SOURCE MATERIAL
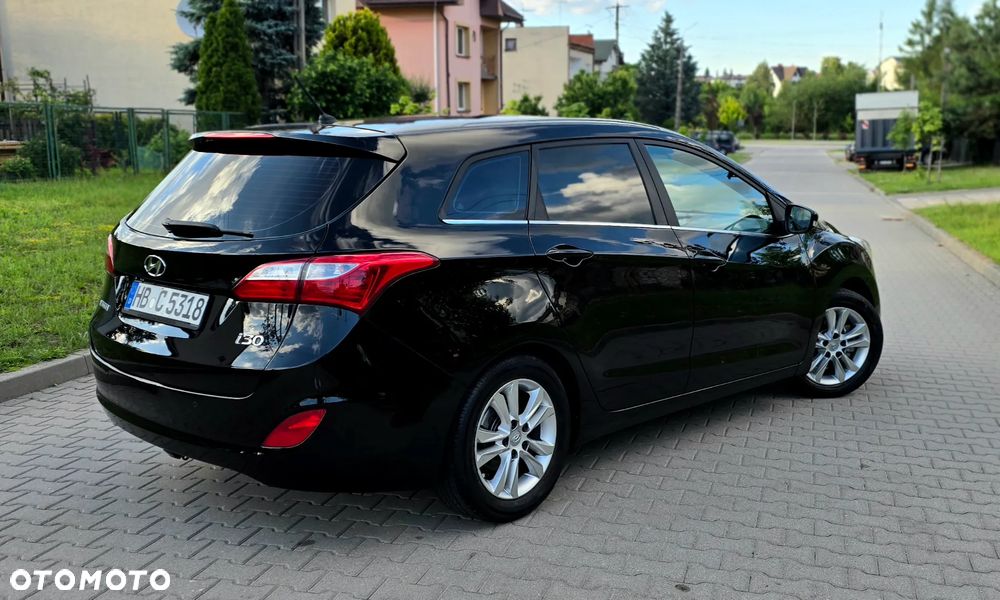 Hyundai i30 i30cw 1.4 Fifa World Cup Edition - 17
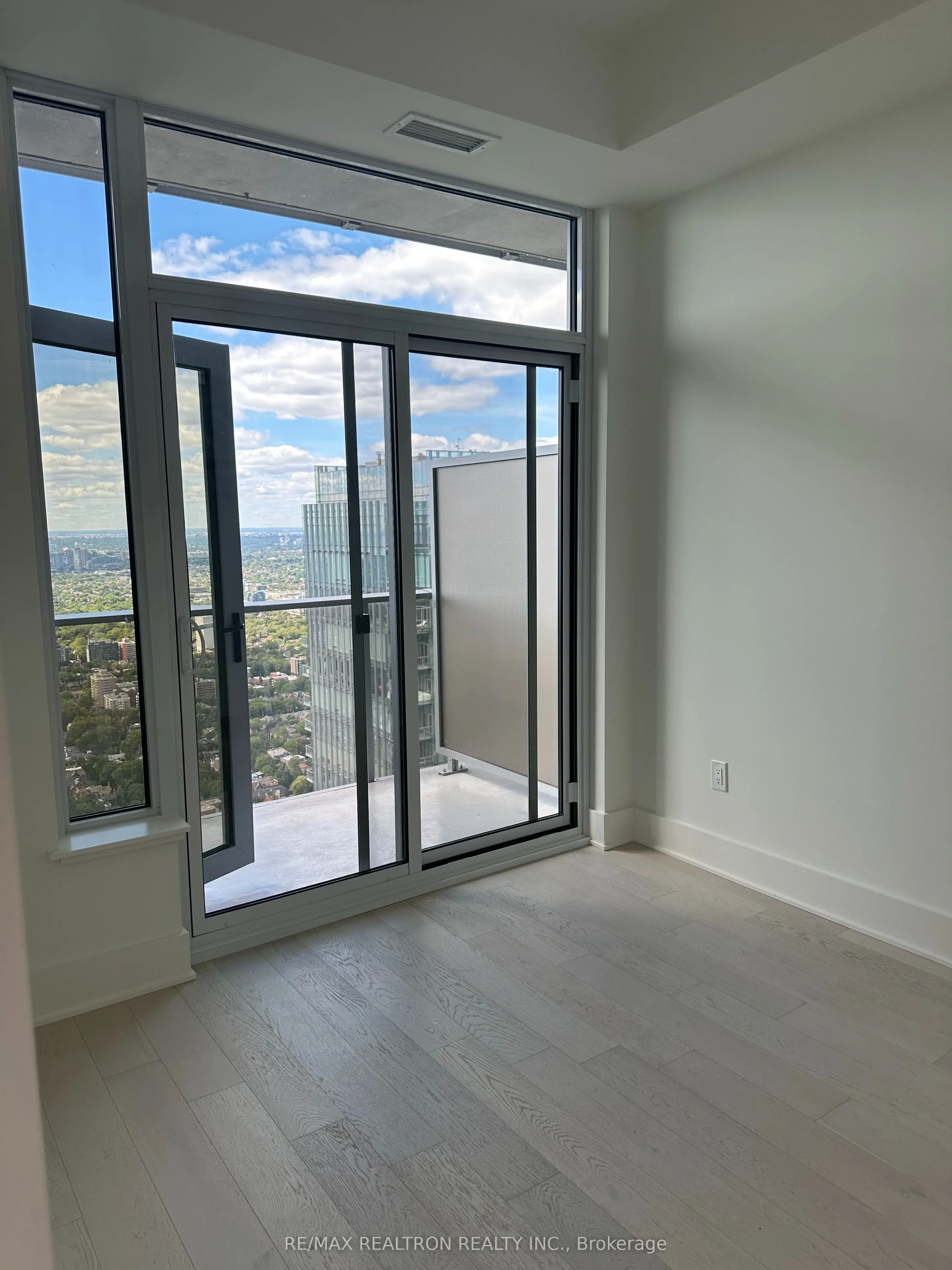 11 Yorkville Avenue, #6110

==

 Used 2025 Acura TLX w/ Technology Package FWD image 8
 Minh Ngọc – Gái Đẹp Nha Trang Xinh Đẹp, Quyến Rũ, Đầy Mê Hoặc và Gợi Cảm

---

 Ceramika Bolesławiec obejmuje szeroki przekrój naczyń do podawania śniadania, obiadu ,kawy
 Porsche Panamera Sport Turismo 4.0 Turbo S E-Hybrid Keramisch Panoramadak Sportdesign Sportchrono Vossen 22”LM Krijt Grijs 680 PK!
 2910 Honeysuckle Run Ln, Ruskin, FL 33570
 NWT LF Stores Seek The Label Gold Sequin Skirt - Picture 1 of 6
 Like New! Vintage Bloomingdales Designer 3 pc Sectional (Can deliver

EXERCISE DESCRIPTION
Using the entries above, return exactly the lines from the line with "Ceramika Bolesławiec obejmuje" to the line with "Like New! Vintage", counting both of those lines.

RESULT OF THE EXERCISE
 Ceramika Bolesławiec obejmuje szeroki przekrój naczyń do podawania śniadania, obiadu ,kawy
 Porsche Panamera Sport Turismo 4.0 Turbo S E-Hybrid Keramisch Panoramadak Sportdesign Sportchrono Vossen 22”LM Krijt Grijs 680 PK!
 2910 Honeysuckle Run Ln, Ruskin, FL 33570
 NWT LF Stores Seek The Label Gold Sequin Skirt - Picture 1 of 6
 Like New! Vintage Bloomingdales Designer 3 pc Sectional (Can deliver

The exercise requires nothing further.